Exercise description
Provide an exact copy of the lines from the beginning of the records through the line that includes "Yemen : Somali Fruit Traders - Aden, Yemen", and of no others.

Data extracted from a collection

★ ★ ★

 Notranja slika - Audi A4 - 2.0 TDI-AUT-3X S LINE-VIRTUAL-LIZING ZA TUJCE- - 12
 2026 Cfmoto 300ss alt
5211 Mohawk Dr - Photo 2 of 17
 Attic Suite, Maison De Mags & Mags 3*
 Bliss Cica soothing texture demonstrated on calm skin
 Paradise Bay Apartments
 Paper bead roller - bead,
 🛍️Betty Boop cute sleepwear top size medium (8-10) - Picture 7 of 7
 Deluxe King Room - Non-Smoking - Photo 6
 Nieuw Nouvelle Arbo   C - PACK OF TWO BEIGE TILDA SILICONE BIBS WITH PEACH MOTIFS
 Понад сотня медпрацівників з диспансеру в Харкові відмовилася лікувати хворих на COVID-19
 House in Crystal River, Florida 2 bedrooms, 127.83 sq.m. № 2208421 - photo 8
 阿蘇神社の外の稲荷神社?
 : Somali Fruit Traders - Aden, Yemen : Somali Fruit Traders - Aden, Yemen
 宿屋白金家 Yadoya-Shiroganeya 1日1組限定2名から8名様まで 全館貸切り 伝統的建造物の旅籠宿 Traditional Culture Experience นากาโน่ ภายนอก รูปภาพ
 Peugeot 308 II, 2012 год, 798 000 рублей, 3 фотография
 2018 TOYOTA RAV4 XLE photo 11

★ ★ ★

Result
 Notranja slika - Audi A4 - 2.0 TDI-AUT-3X S LINE-VIRTUAL-LIZING ZA TUJCE- - 12
 2026 Cfmoto 300ss alt
5211 Mohawk Dr - Photo 2 of 17
 Attic Suite, Maison De Mags & Mags 3*
 Bliss Cica soothing texture demonstrated on calm skin
 Paradise Bay Apartments
 Paper bead roller - bead,
 🛍️Betty Boop cute sleepwear top size medium (8-10) - Picture 7 of 7
 Deluxe King Room - Non-Smoking - Photo 6
 Nieuw Nouvelle Arbo   C - PACK OF TWO BEIGE TILDA SILICONE BIBS WITH PEACH MOTIFS
 Понад сотня медпрацівників з диспансеру в Харкові відмовилася лікувати хворих на COVID-19
 House in Crystal River, Florida 2 bedrooms, 127.83 sq.m. № 2208421 - photo 8
 阿蘇神社の外の稲荷神社?
 : Somali Fruit Traders - Aden, Yemen : Somali Fruit Traders - Aden, Yemen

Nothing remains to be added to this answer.